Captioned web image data
= = = = = = =

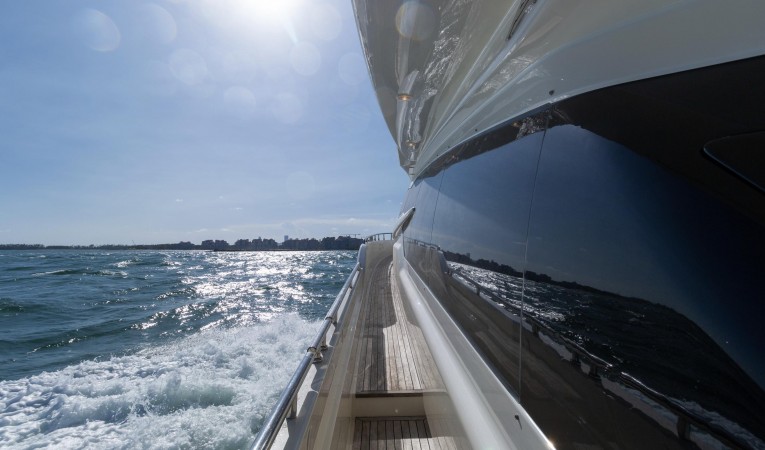 72 Ferretti Yachts 2012 72 Ferretti - Exottica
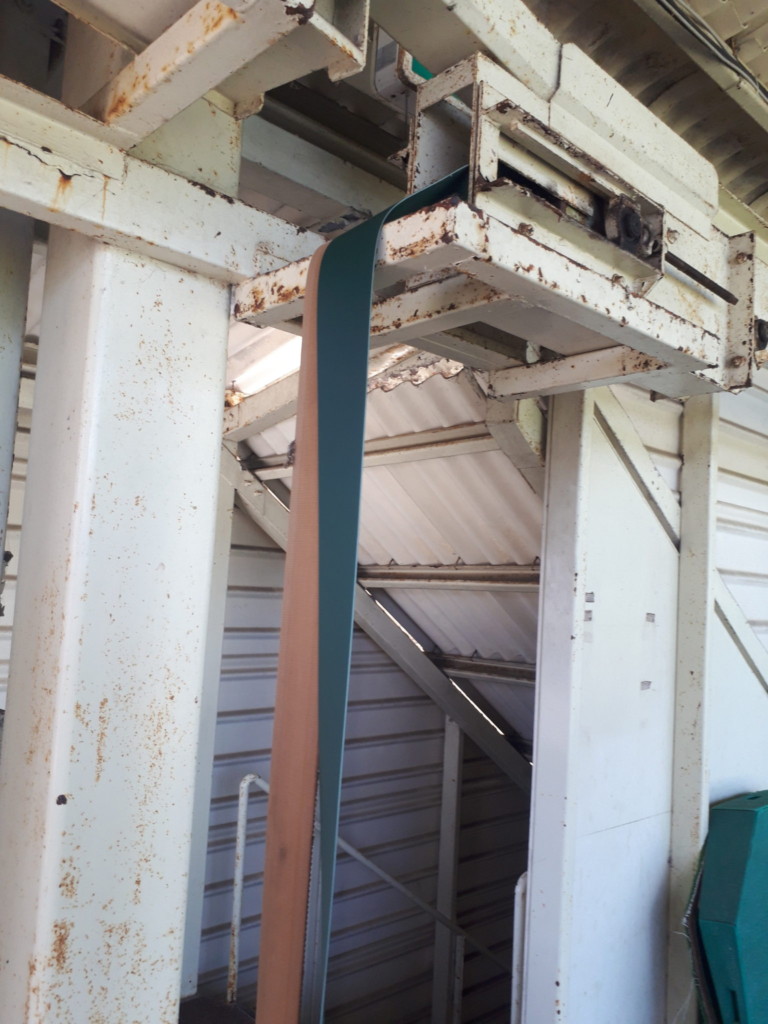 ボール送球コンベアベルト交換工事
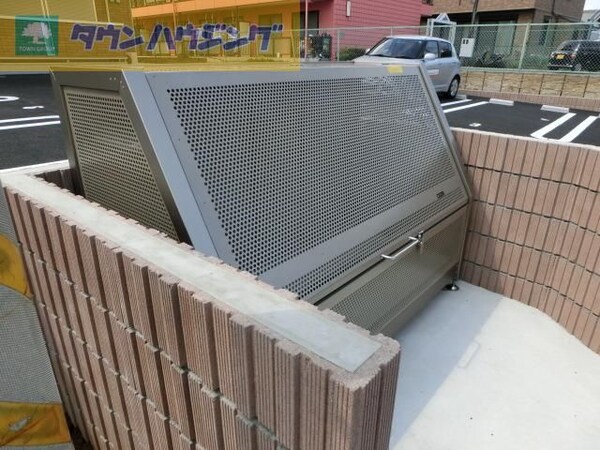 その他(敷地内ごみ置場)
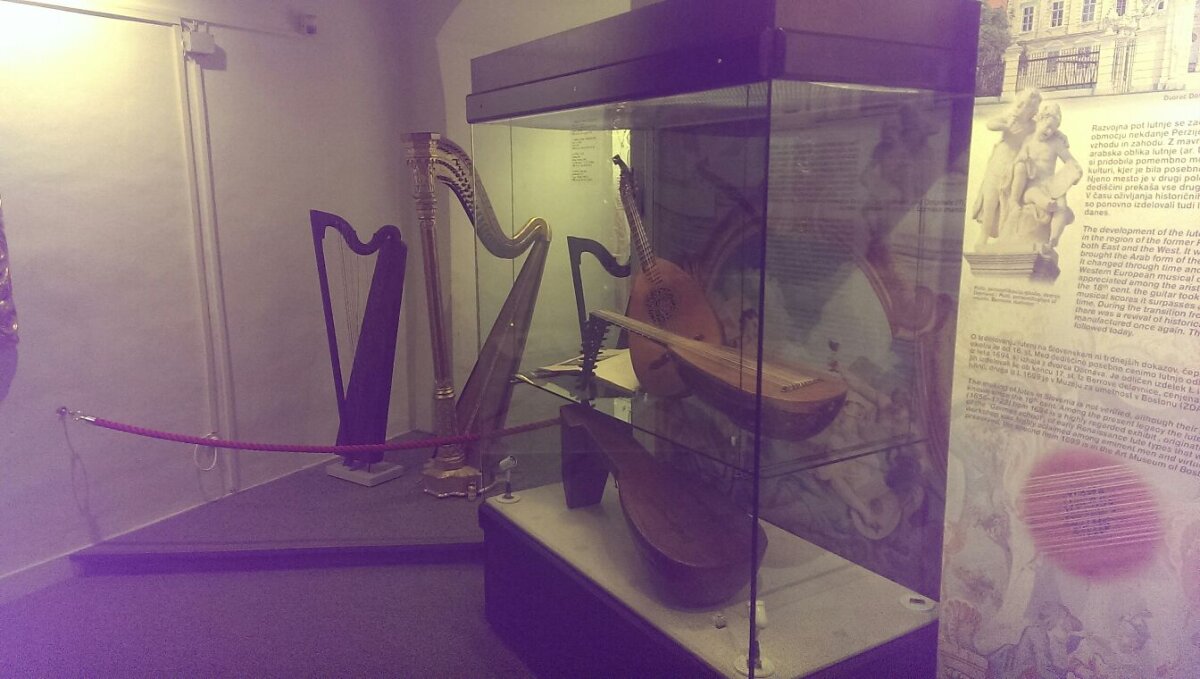 CORESPONDENŢĂ DIN SLOVENIA »  VIDEO + FOTO Un loc deosebit lângă cantonamentul Stelei » Castel, armuri, viori şi măşti populare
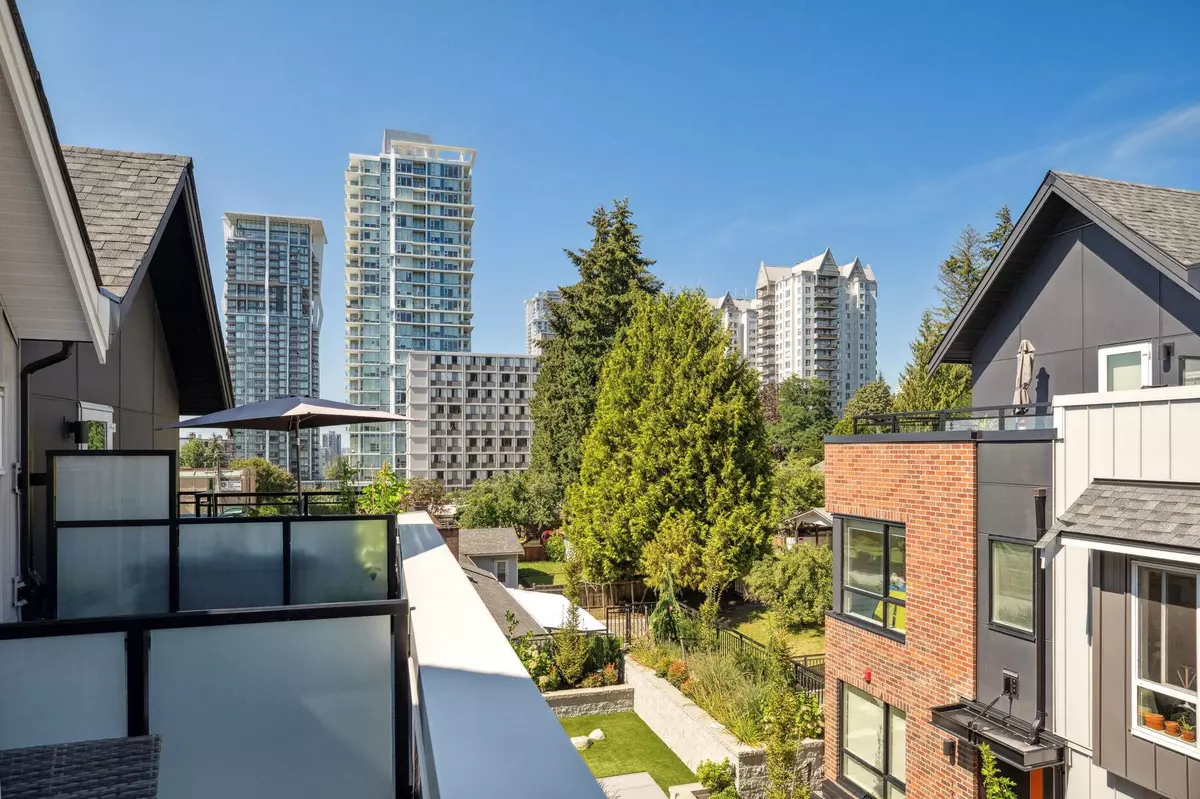 Coquitlam, BC V3K 3K1,609 Sydney AVE #103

= = = = = = =

■ **Task**:
All lines from the one containing "CORESPONDENŢĂ DIN SLOVENIA" to the last line of the data above, both included, should be printed exactly, and the pictures should not appear.

■ **Exercise output**:
 CORESPONDENŢĂ DIN SLOVENIA »  VIDEO + FOTO Un loc deosebit lângă cantonamentul Stelei » Castel, armuri, viori şi măşti populare
 Coquitlam, BC V3K 3K1,609 Sydney AVE #103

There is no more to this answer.